Try it ▸ When you transcribe the listing, keep each line exact and drop the pictures.

Task data ▸
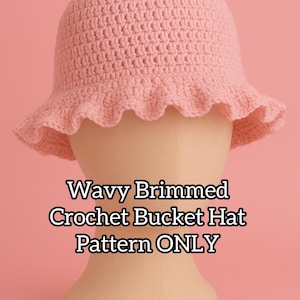 May include: A light pink, crocheted bucket hat with a wavy brim, displayed on a mannequin head against a pink backdrop. The text "Wavy Brimmed Crochet Bucket Hat Pattern ONLY" is visible.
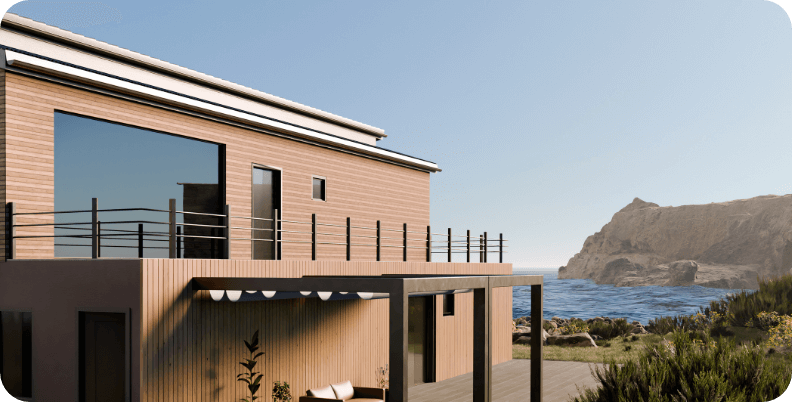 Modern two-storey coastal home with light timber cladding and large glass doors opening to a deck, set against dramatic rocky coastline with native coastal vegetation in the foreground.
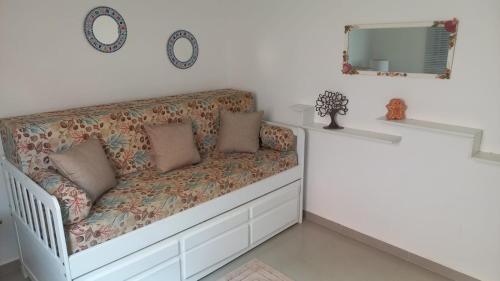 a room with a couch and a mirror at Apartamento com Suíte em Bertioga Indaiá 150 metros da Praia in Bertioga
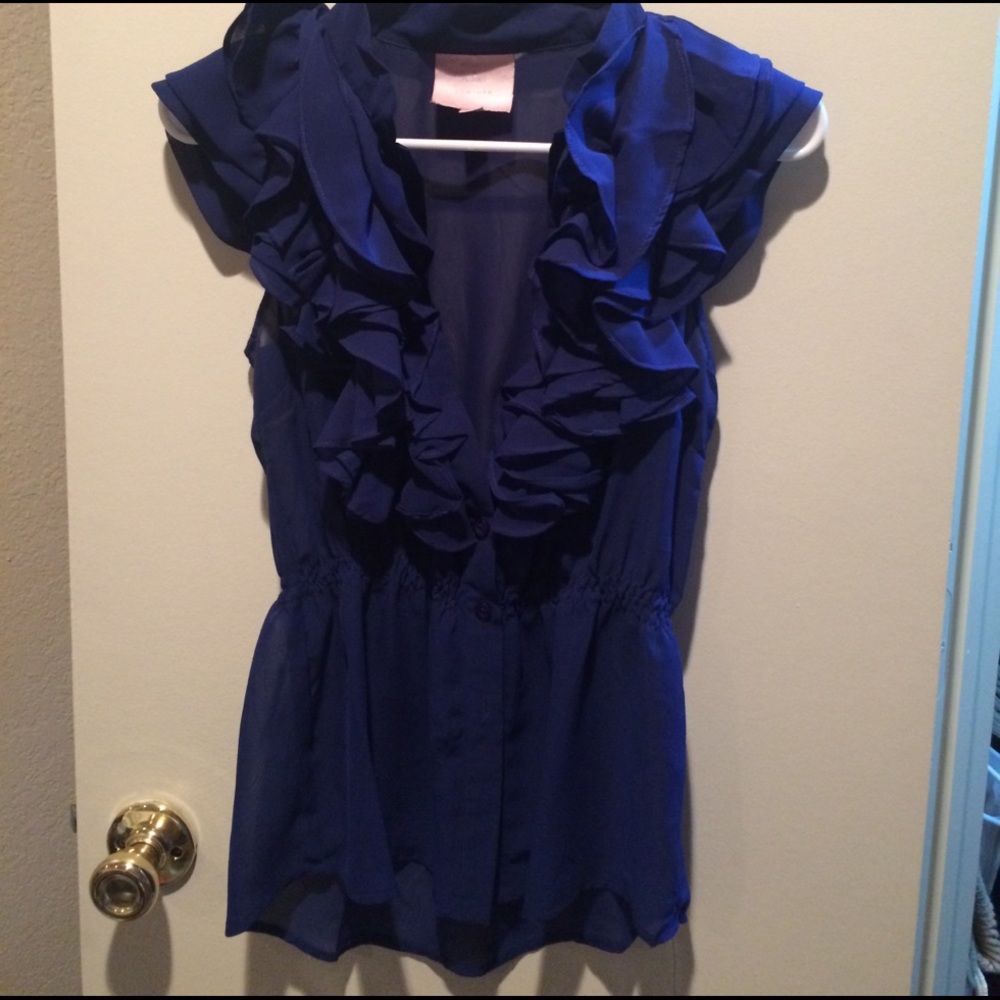 Sheer blue blouse with ruffles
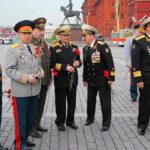 Zelensky’s SHOWDOWN –Moscow WARNED Group of military officers in uniforms holding flowers in Red Square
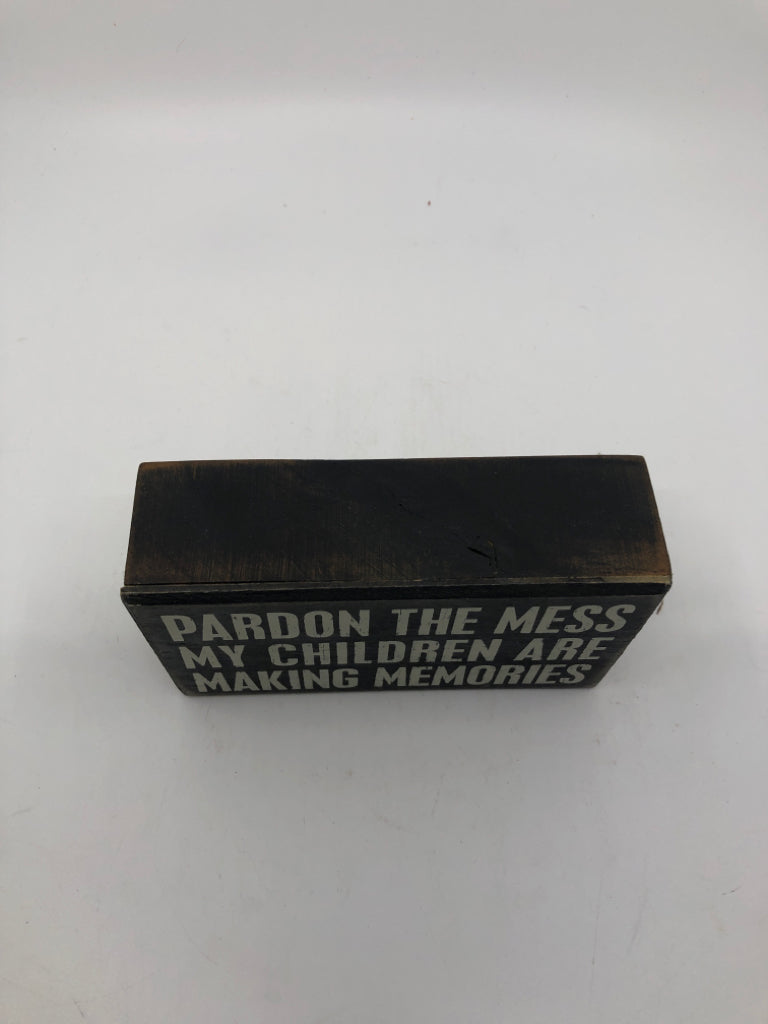 PARDON THE MESS BLACK BLOCK SIGN.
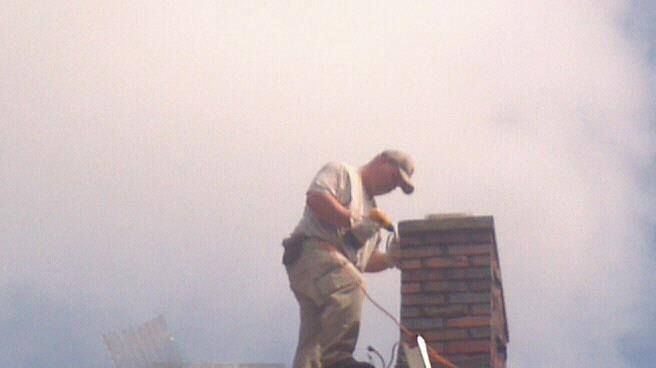 Lead Technician Robert Irvin putting on chimney ca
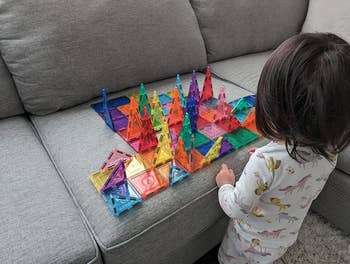 a reviewer's kid playing with the colorful tiles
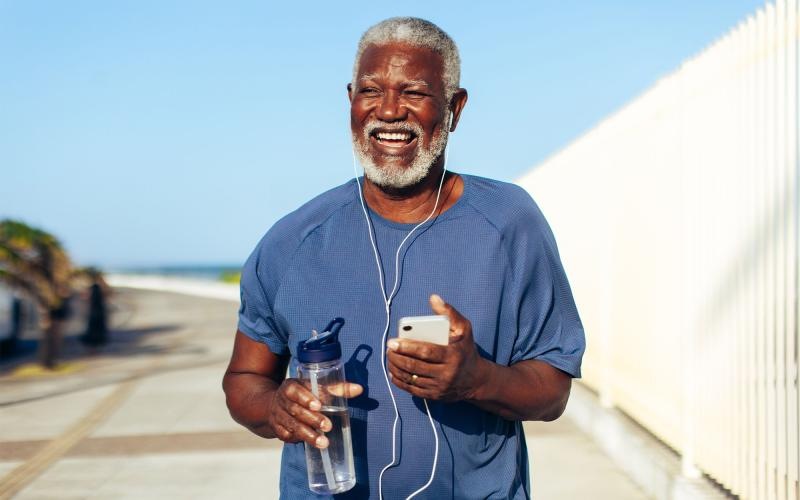 a man holding a water bottle while outdoors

Answer to this exercise ▸
 May include: A light pink, crocheted bucket hat with a wavy brim, displayed on a mannequin head against a pink backdrop. The text "Wavy Brimmed Crochet Bucket Hat Pattern ONLY" is visible.
 Modern two-storey coastal home with light timber cladding and large glass doors opening to a deck, set against dramatic rocky coastline with native coastal vegetation in the foreground.
 a room with a couch and a mirror at Apartamento com Suíte em Bertioga Indaiá 150 metros da Praia in Bertioga
 Sheer blue blouse with ruffles
 Zelensky’s SHOWDOWN –Moscow WARNED Group of military officers in uniforms holding flowers in Red Square
 PARDON THE MESS BLACK BLOCK SIGN.
 Lead Technician Robert Irvin putting on chimney ca
 a reviewer's kid playing with the colorful tiles
 a man holding a water bottle while outdoors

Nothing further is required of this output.